Keith Kim : Notes on CUDA and Tensorflow

This is a note to myself. I just had to re-install TensorFlow and wanted to put some notes for the record.

This is about installing CUDA, Anaconda, TensorFlow.

Environment:Win10 Pro 64-bit

I have old GPU graphics cards:

Tesla C2050 - https://www.nvidia.com/docs/IO/43395/NV_DS_Tesla_C2050_C2070_jul10_lores.pdf
Quadro 600 - https://www.nvidia.com/object/product-quadro-600-us.html

I got the Tesla for GPU programming many years ago before TensorFlow came out, and paid good money for it, but now it's only $60-$70 on eBay.

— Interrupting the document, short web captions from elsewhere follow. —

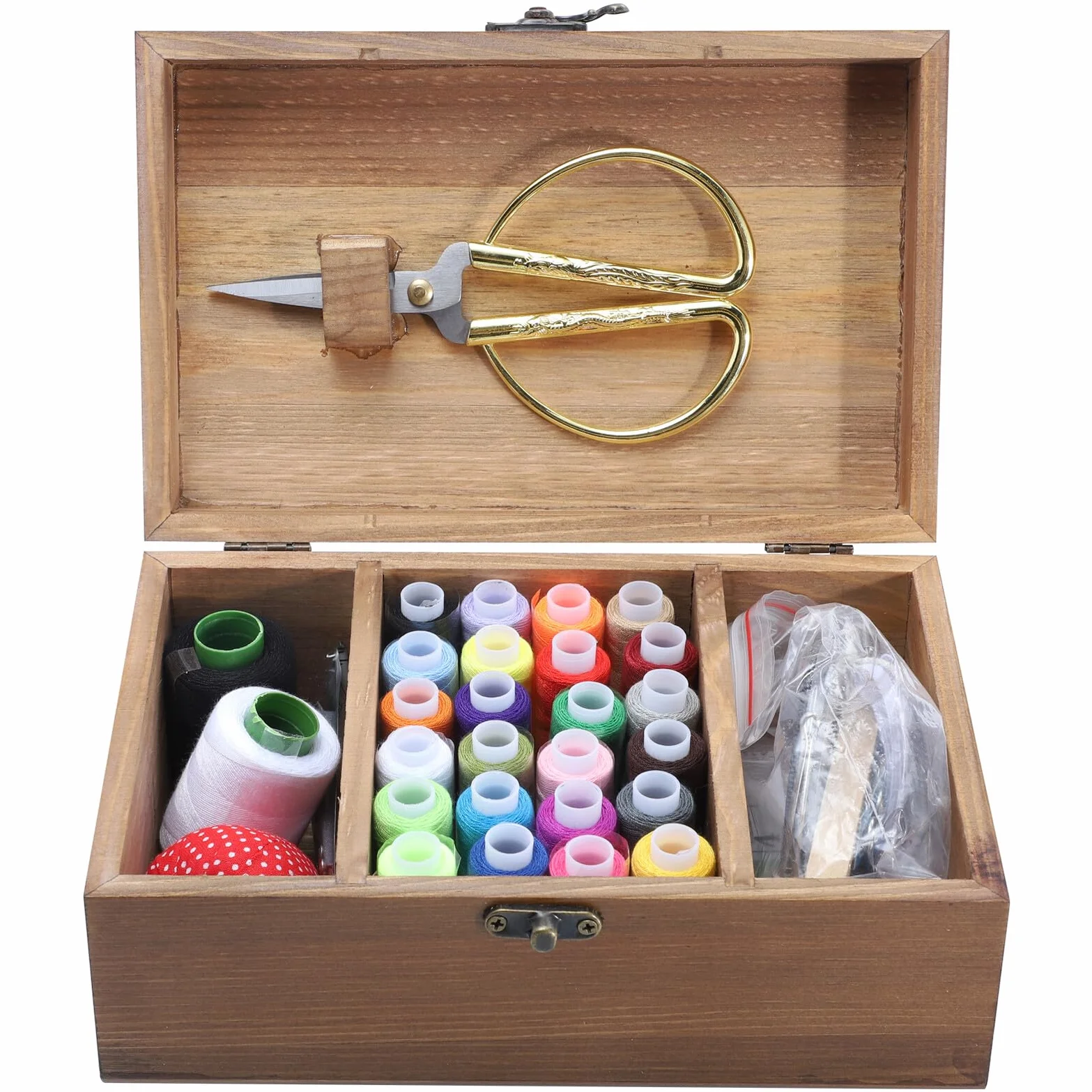 Kit de Costura para Principiantes Caja de Almacenamiento de Madera Natural, Gran Capacidad para Guardar Agujas, Hilos y Tijeras en Proyectos DIY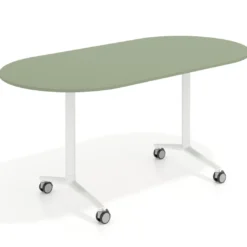 Mesa plegable pivot ovalada estructura blanco, canto 16cm
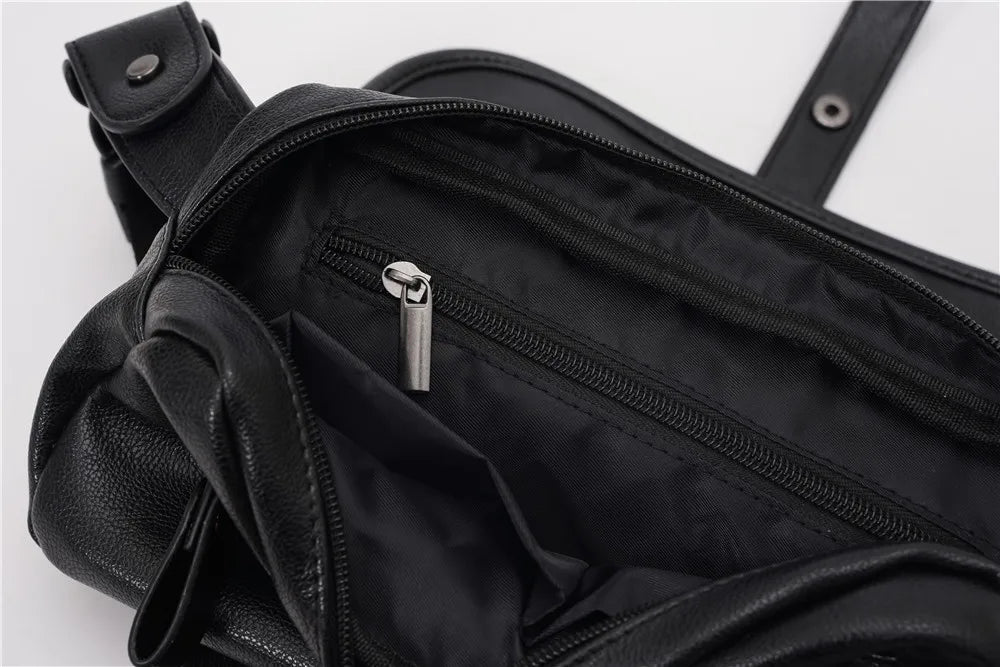 Men's PU Leather Chest Bag Crossbody Small Shoulder Handbag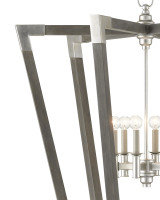 Bastian Large Chandelier, 8-Light, Chateau Gray, Contemporary Silver Leaf, 37.25"W, Currey and Company 9000-0606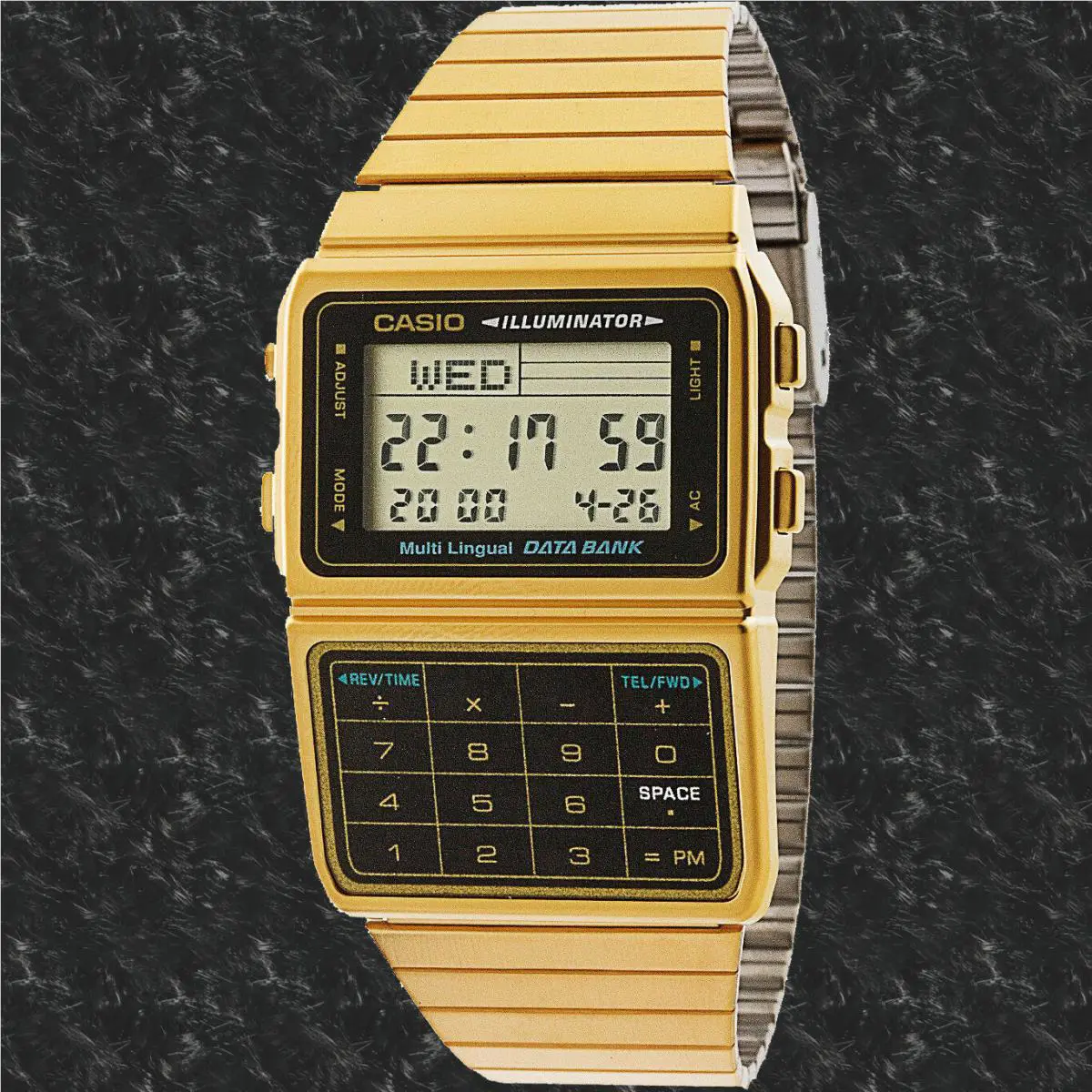 Casio Databank DBC611G-1D Stainless Steel Plated Strap Watch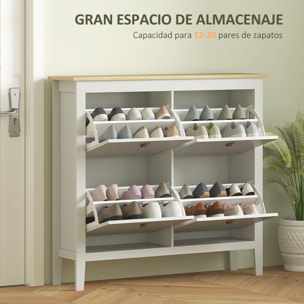 Mueble Zapatero Estrecho Zapatero Entrada Recibidor con 4 Cajones Abatibles Estantes Ajustables y Tiradores de PU para 20 Pares de Zapatos para Pasillo 105x24x95,5 cm Blanco
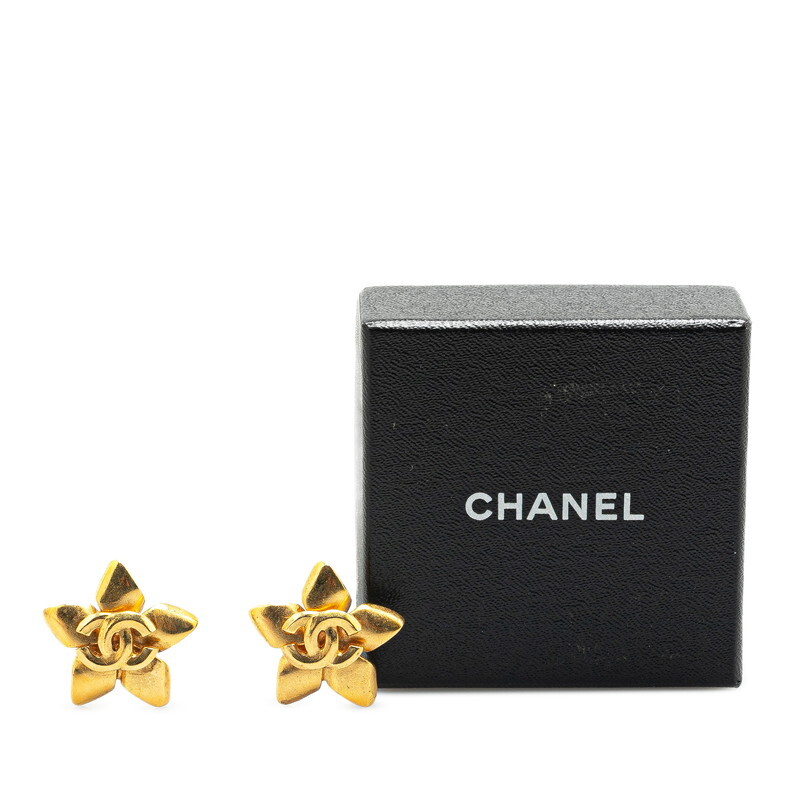 シャネル ヴィンテージ ココマーク フラワー 花びら モチーフ イヤリング ゴールド メッキ レディース CHANEL 【中古】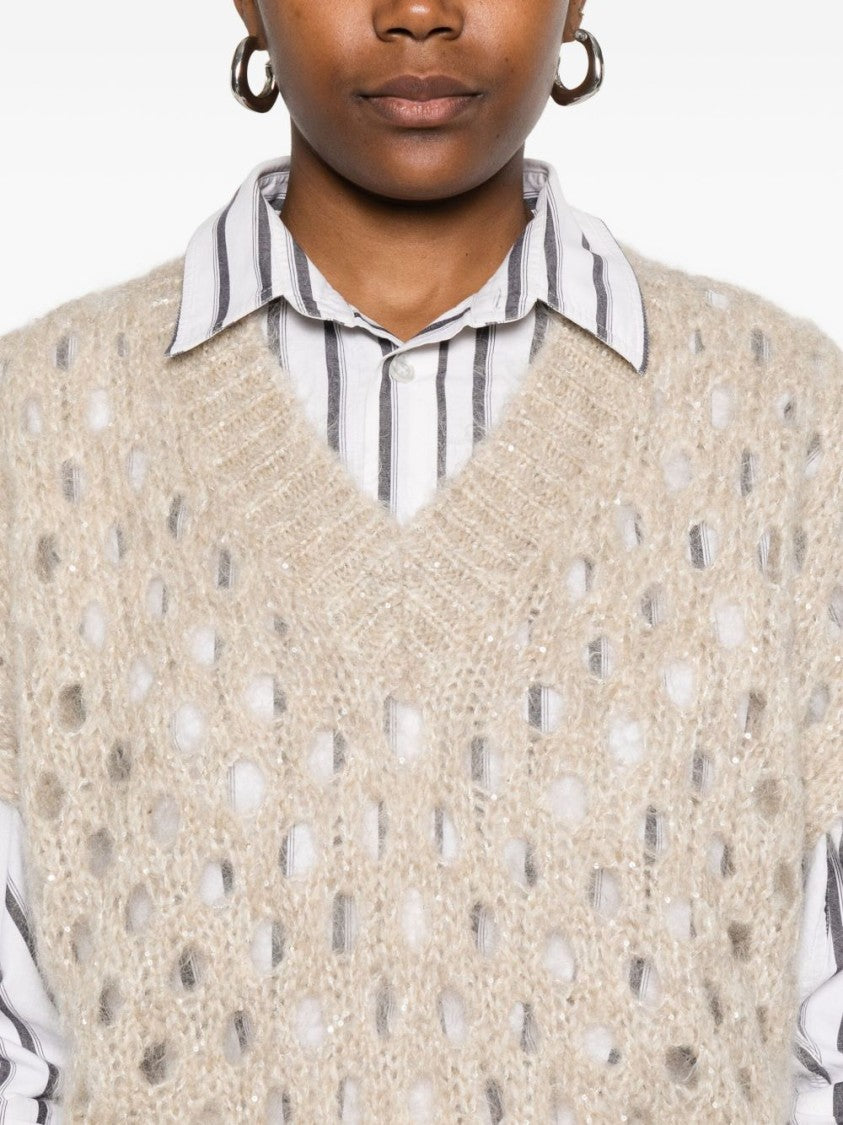 Brunello Cucinelli Cropped Open-Knit Sweater With V-Neckline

I still can use above old cards with frameworks other than just Tensorflow. So to be compatible with all my cards, I have to stick to CUDA 8 for the older cards. The latest CUDA is 10.1, and requires latest GPUs.

Due to some TensorFlow work I had to do last year, I bought somewhat latest graphics card for it:

Quadro P2000 - https://www.nvidia.com/content/dam/en-zz/Solutions/design-visualization/documents/Quadro-P2000-US-03Feb17.pdf

TensorFlow GPU requires minimum compute capability of 3, Quadro P2000 performs decently for experimental work. I used it along with AWS -- when I compared to AWS GPU small machine configuration with P2000; and duration of the work, and disk space, etc -- I found buying this graphics card is a good decision. For larger projects with good budget, I would explorer AWS option.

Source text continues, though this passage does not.